On a perfect world you would be able to use the same session-resume
capabilities on TCP. Maybe someday you will.

That would be much better. But still it doesn't solve the "disconnect
without reconnect" case (xep-198 mostly does).

"disconnect without reconnect"? you mean when a client looses the connection and doesn't reconnect in the allowed time?

It would trigger the longest allowable time period for session resumption timeout.

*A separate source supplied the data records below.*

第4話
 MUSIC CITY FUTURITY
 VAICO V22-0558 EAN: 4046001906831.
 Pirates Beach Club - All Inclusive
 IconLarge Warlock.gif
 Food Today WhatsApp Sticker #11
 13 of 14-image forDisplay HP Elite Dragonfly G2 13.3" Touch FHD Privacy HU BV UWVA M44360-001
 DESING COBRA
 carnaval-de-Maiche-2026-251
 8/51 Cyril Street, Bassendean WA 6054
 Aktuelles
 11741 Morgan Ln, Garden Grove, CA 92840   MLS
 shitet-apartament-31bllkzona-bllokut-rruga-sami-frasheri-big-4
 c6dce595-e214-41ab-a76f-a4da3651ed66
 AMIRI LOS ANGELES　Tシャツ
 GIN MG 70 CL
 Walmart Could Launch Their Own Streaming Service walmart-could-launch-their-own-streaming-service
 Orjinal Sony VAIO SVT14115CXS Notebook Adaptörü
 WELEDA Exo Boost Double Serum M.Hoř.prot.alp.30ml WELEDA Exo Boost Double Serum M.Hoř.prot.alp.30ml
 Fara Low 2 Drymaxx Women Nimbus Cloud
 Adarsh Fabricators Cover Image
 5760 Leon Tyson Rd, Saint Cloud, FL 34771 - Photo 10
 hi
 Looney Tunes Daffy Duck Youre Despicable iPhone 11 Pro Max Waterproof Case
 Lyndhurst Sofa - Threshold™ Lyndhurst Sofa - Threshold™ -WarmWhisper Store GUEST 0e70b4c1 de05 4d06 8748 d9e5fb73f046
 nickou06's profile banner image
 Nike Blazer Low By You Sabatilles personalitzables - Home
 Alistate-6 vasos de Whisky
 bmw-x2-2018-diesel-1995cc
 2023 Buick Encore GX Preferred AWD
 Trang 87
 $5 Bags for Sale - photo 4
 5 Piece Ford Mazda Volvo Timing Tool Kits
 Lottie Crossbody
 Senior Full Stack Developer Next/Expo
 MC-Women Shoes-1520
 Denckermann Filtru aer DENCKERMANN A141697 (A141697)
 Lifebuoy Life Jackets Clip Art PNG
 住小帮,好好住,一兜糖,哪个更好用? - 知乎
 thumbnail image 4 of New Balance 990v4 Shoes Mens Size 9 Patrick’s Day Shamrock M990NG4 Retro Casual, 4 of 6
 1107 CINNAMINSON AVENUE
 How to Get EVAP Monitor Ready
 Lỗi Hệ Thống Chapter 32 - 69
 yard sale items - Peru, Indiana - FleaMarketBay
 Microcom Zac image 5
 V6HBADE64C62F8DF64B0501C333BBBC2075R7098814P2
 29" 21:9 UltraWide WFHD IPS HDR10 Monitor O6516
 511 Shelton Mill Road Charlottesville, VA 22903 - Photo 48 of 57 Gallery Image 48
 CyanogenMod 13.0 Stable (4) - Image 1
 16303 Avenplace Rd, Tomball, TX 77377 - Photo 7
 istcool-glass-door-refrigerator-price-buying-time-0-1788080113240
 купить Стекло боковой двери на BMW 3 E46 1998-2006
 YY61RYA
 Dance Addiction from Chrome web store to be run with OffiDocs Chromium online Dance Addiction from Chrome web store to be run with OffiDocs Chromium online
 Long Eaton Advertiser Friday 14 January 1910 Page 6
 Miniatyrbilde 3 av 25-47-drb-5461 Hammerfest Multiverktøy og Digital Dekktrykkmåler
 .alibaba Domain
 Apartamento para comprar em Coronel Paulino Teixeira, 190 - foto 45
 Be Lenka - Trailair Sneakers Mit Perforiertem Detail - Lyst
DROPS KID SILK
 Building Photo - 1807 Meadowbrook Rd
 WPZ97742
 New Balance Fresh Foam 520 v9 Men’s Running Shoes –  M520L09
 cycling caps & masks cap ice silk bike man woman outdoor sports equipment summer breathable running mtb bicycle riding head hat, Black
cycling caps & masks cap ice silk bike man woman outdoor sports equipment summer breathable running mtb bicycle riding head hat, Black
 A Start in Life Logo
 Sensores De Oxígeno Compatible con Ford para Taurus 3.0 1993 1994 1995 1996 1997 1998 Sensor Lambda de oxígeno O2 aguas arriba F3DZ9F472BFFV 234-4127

In XEP-0198 (see example-2, http://xmpp.org/extensions/xep-0198.html#example-2) , the servers sends you back a max attribute with the longest allowable time to reconnect. If that expires, the server assumes the connection is dead, and cleans up.

Best regards,
--
Pedro Melo
Blog: http://www.simplicidade.org/notes/
XMPP ID: [EMAIL PROTECTED]
Use XMPP!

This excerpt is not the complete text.